Ciência e Fé

 

 

 

 

iência e Fé - Reações cerebrais
Fonte: Globo repórter
http://redeglobo6.globo.com/Globoreporter/0,19125,VGC0-2703-3131-3-48080,00.html

Velas acesas para Buda, o som puro do metal. É assim que Sophie entra no mundo da meditação. Ela sofre de esclerose múltipla há 20 anos e estava condenada a viver em uma cadeira de rodas. Mas, com a ajuda da meditação budista, leva uma vida normal. "Quando eu medito, consigo aliviar os sintomas da doença", diz.

O que será que acontece no cérebro de quem medita? Será apenas uma fantasia, uma ilusão? Os budistas descrevem um estado de êxtase, a que chamam nirvana - muito semelhante à união mística com Deus, descrita por freiras e monges cristãos.

Na Universidade da Pensilvânia, o cientista Andrew Newberg colocou monges budistas e freiras católicas em uma máquina e fez uma tomografia do cérebro deles. Descobriu que no momento mais profundo da meditação, ou da oração, os cérebros de budistas e de católicos têm a mesma atividade elétrica, característica da experiência espiritual.

"O cérebro humano tem a capacidade inata de experimentar a presença de Deus ou de algo que pode ser descrito como puro espírito", afirma o cientista.

Quando a pessoa se concentra para meditar ou rezar, a parte da frente do cérebro - que fica atrás da testa - se torna muito ativa. É a área da consciência, da atenção. Dali saem impulsos que ativam o centro do cérebro, que comandam as reações involuntárias, inconscientes. Em seguida, são ativadas as áreas responsáveis pela visão. E é desativada a região posterior do cérebro que responde pela orientação espacial.

A pessoa tem a visão de um mundo sobrenatural e a sensação de perda de limites. O "eu" se confunde com o universo. É a experiência de uma realidade espiritual superior, descrita pelos místicos. Ao mesmo tempo, sinais são enviados para o corpo para acalmar todo o sistema nervoso e criar uma sensação intensa de prazer. Tudo isso acontece nos dois lados do cérebro.

Andrew Newberg é um dos pioneiros da neuroteologia - a ciência que estuda como o cérebro experimenta Deus. Essa nova ciência prova o poder da mente sobre o corpo e explica porquê a fé pode curar, ou pelo menos ajudar a medicina.

O médico Harold Koening é o autor de dezenas de pesquisas sobre fé e medicina, financiadas pelo governo americano. Todas mostram que as pessoas religiosas são mais saudáveis e vivem mais do que as outras. Segundo o médico, nos Estados Unidos, uma pessoa branca que assiste a pelo menos um serviço religioso por semana, vive sete anos mais do que quem não é religioso. Se for negro, vive mais 14 anos.

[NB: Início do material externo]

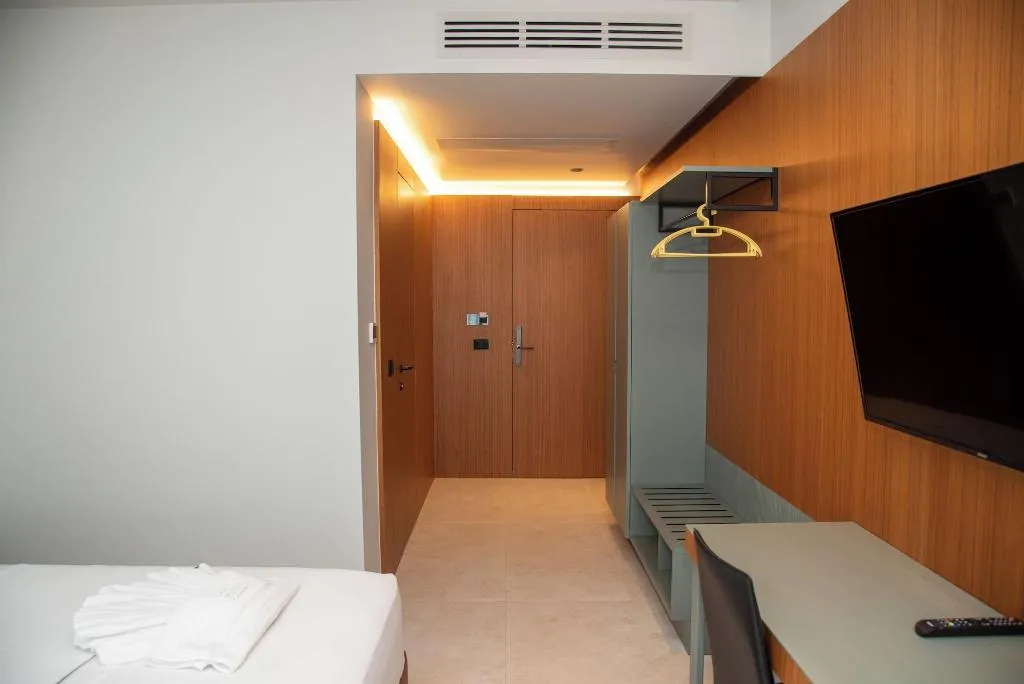 Room, Adria Palace Hotel, Durres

Uma das razões da longevidade é o apoio da comunidade religiosa. Outra: pessoas que têm fé levam uma vida mais regrada e saudável. "As pesquisas também mostram que a fé reforça o sistema imunológico e a resistência às doenças", observa Harold Koening.

Está crescendo o número de escolas de medicina que aderem à pregação do doutor Koening. Uma delas é a Johns Hopkins, ligada ao hospital do mesmo nome, onde os alunos são treinados para usar a fé no tratamento médico.

O hospital é considerado o melhor dos Estados Unidos e é um dos centros médicos mais avançados do mundo. Mas para muitos pacientes e médicos o coração do hospital fica em uma imagem de Cristo colocada, há mais de 100 anos, na entrada do hospital. Muitos passam para rezar, pedir, agradecer e meditar. Até quem não é cristão se diz reconfortado.

O capelão do hospital, o pastor Steven Mann, guarda os livros onde as pessoas deixam mensagens. São mais de três mil páginas por mês, na maioria agradecendo pelo conforto que a fé traz aos doentes. Há dez anos, o hospital foi o primeiro nos Estados Unidos a incluir a espiritualidade no ensino da medicina.

Segundo a medica Jeanne Mccauley, o uso da fé no tratamento é uma exigência dos próprios pacientes. Ela já dirigiu dois vídeos para treinar médicos, mostrando como eles podem ajudar os doentes a procurar apoio na religião. Em um deles, aparece a história de Joni, uma tetraplégica que entrou no hospital de maca e viu a imagem de Cristo na entrada. "Senti então que Deus me ama. A partir daí, passei a aceitar a invalidez, e hoje sou uma pessoa inteira", conta.

A fé pode não vencer a doença. Mas, segundo a budista Sophie, é preciso acreditar em uma força superior, seja Deus, Buda, ou o que for, mas algo que está dentro da gente. O poder da fé está em você!